*** Opening of Dataset records ***

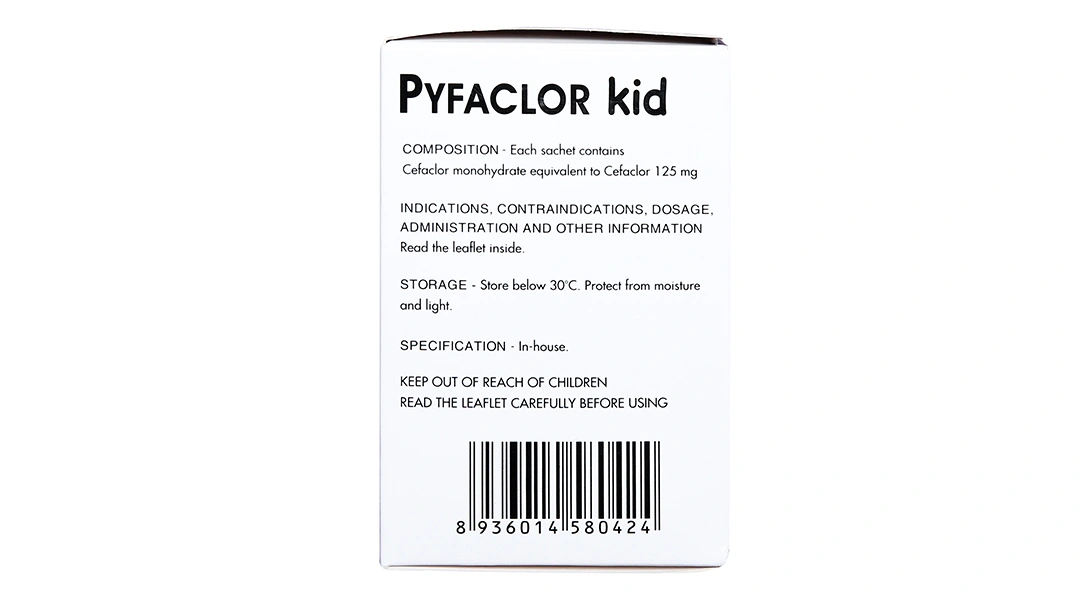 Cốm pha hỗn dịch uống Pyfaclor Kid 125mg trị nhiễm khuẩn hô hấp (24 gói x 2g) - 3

*** Close of Dataset records ***
*** Opening of Dataset records ***

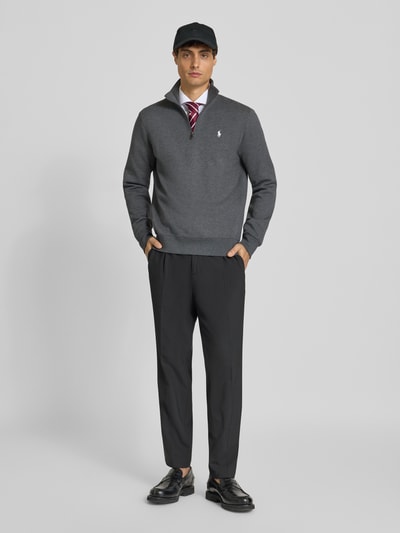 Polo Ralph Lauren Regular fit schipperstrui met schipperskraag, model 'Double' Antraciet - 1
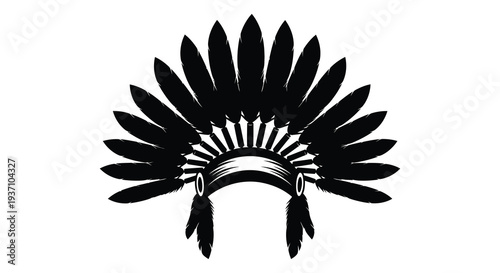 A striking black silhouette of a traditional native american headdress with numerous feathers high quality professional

*** Close of Dataset records ***

• [Task statement] Transcribe, word for word, the stretch of lines in the data above from the one with "Polo Ralph Lauren" through the one with "A striking black"; omit all pictures.

• [Answer for the task]
 Polo Ralph Lauren Regular fit schipperstrui met schipperskraag, model 'Double' Antraciet - 1
 A striking black silhouette of a traditional native american headdress with numerous feathers high quality professional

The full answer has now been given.